WHAT IS BEING ASKED: Could you retype every line below exactly, omitting the images?

COLLECTED DATA:
____

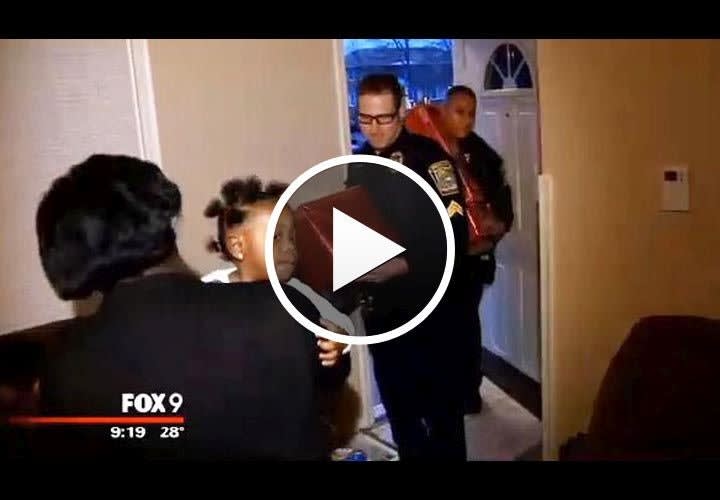 Minnesota Officers Replace Family's Stolen Christmas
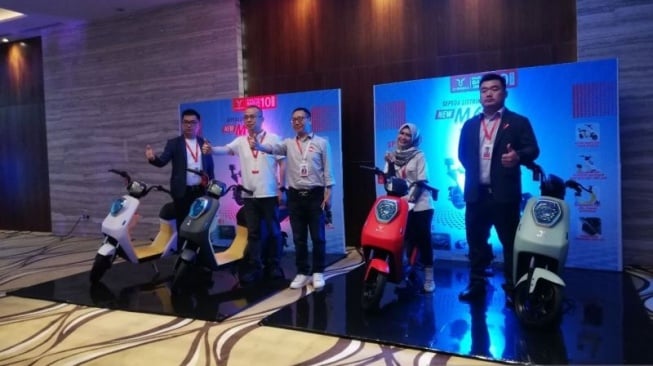 Motor Listrik Uwinfly Laris Berkat Subsidi Pemerintah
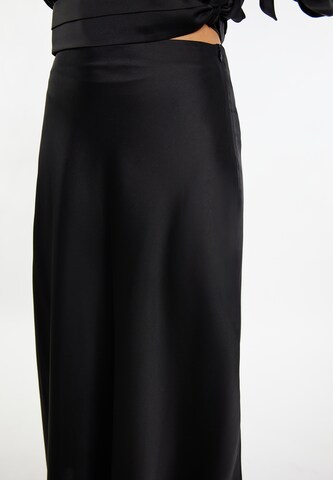 faina Skirt in Black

____

TASK SOLUTION:
 Minnesota Officers Replace Family's Stolen Christmas
 Motor Listrik Uwinfly Laris Berkat Subsidi Pemerintah
 faina Skirt in Black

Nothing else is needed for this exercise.